Peter Neuhaus, M.D., reported that 179 patients given 6 months of gemcitabine chemotherapy went a median of 14.2 months before their disease recurred. In a control group of 177 patients, relapses occurred a median 7.5 months after surgery.
“For me as a surgeon, it is a milestone in the treatment of these patients because we have so long waited for a real improvement,” said Dr. Neuhaus of the Charité University Medical School in Berlin.
Earlier, he told reporters at a press briefing that this was the first prospective, randomized, and controlled trial to clearly show that adjuvant chemotherapy will help pancreatic cancer patients after surgery.
“Gemcitabine may become the standard of care for adjuvant treatment of pancreatic cancer,” he said during his presentation, predicting that favorable 3-year and 5-year survival rates will be reported with longer follow-up.
The chemotherapy drug is usually given to patients with inoperable, advanced disease. It is the only drug approved by the U.S. Food and Drug Administration for treatment of pancreatic cancer.
The investigators recruited patients with resectable disease at 88 cancer centers in Germany and Austria from July 1998 to December 2004. Participants were randomly assigned to the control or chemotherapy groups 22–24 days after surgery, creating similar cohorts with an average age of 61–62 years and slightly more men than women. In both arms, 86% of patients had stage T3 or T4 disease, and nearly three-quarters were lymph node positive. More than 80% had an R0 resection margin, and the rest were R1, because patients with more residual disease were excluded.
Patients in the adjuvant therapy arm received 1 g/m
Dr. Neuhaus reported that median disease-free survival with gemcitabine therapy was 19.3 months for node-negative patients and 13.1 months for node-positive patients. In the control group, median disease-free survival was 11.2 months for node-negative patients and 7 months for node-positive patients.
“We go one stage up in prognosis for survival of our patients,” Dr. Neuhaus said, describing the benefit to node-positive patients as one of the most striking outcomes of the study. Toxicity was low and was less than expected, he added. The most common grade 3 and 4 events with gemcitabine were low white blood cell count (8.4%), low platelet count (2.8%), nausea (4.5%), and diarrhea (2.2%).
In response to a question, Dr. Neuhaus said none of the patients received postoperative radiation, as this treatment is not used in Europe for pancreatic cancer.
Dr. Neuhaus disclosed research funding and other remuneration from Lilly Oncology.
Eileen M. O'Reilly, M.D., called the results “impressive and provocative” in a discussion of the trial. She emphasized that the findings were preliminary, however, and many questions still need to be answered, including how the investigators defined disease-free survival.
As for changing the standard of practice, Dr. O'Reilly of Memorial Sloan-Kettering Cancer Center in New York said, “There is really no globally accepted standard of care for adjuvant treatment of pancreatic cancer. Observation for patients who are fit post op is probably no longer an acceptable standard, though this is controversial.”

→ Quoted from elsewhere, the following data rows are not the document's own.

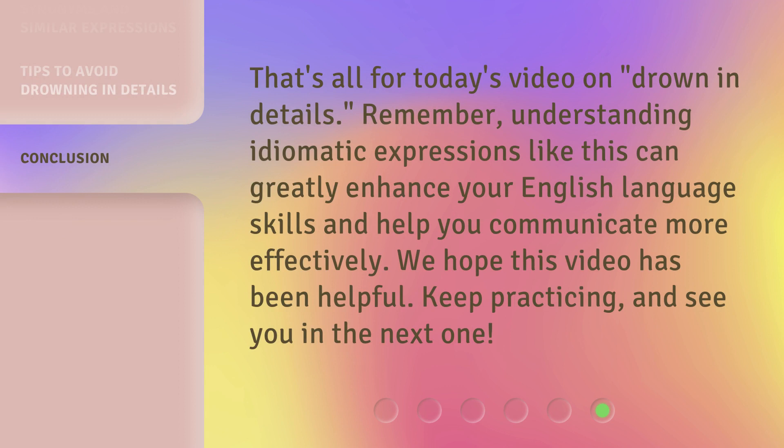That's all for today's video on 'Drown in Details.' Remember, understanding idiomatic expressions like this can greatly enhance your English language skills and help you communicate more effectively. We hope this video has been helpful. Keep practicing, and see you in the next one.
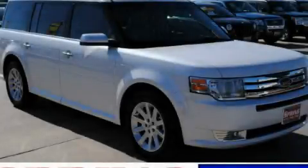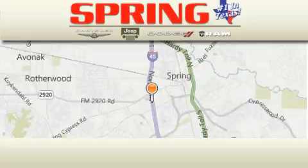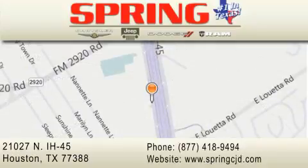Call or visit us right now and arrange your test drive today. Spring Chrysler Jeep Dodge is located at 21027 North Interstate Highway 45 in Houston. Our goal is to exceed all of your expectations to ensure that you'll return for future visits.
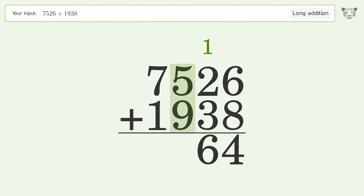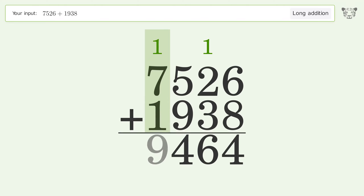5 plus 9 equals 14 — carry 1 to the thousands place. 1 plus 7 plus 1 equals 9. And so the final result is 9464.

Erlotinib + Gemcitabine = Controversy
Adding the targeted therapy erlotinib (Tarceva) to gemcitabine produced a median survival benefit of less than 1 month for patients with inoperable pancreatic cancer in another trial reported at the meeting.
The study's outcomes were statistically significant, but controversial. Investigator Malcolm J. Moore, M.D., and discussant James L. Abbruzzese, M.D., interpreted the clinical implications in a plenary session.

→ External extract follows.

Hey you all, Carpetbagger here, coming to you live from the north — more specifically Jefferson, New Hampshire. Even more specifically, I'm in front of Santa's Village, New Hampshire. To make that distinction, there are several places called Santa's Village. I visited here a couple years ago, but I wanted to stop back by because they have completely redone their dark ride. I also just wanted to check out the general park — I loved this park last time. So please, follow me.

Patients were enrolled from October 2001 to January 2003 at 140 centers in 17 countries for this National Cancer Institute of Canada trial. Erlotinib was added to gemcitabine because it inhibits the human epidermal growth factor receptor (EGFR), which is overexpressed in pancreatic cancer.
Dr. Moore of Princess Margaret Hospital in Toronto said the trial was the first to show that an EGFR inhibitor can benefit patients with pancreatic cancer. He reported that 285 patients given gemcitabine and erlotinib had a 1-year survival rate of 24% and lived a median of 6.37 months. In contrast, for 284 patients given gemcitabine and placebo, the 1-year survival rate was 17%, with a median survival of 5.91 months.
The combination arm also had better progression-free survival: 3.75 months, compared with 3.55 months for patients who received the placebo. More of the patients given both agents had a tumor response as well: 57.5%, compared with 49.2% of the control group.
“Whatever subset we look at, the hazard ratio is always less than one,” said Dr. Moore, who concluded that the combination treatment improved overall survival by 19% (hazard ratio 0.81) and progression-free survival by 24% (hazard ratio 0.76).
Dr. Abbruzzese, chairman of gastrointestinal medical oncology at M.D. Anderson Cancer Center in Houston, noted that the trial had aimed for a 33% increase in median survival, not 8%. “I do not feel these results clearly alter the standard of care for patients with advanced pancreatic cancer,” he said, emphasizing that the benefit was less than a month.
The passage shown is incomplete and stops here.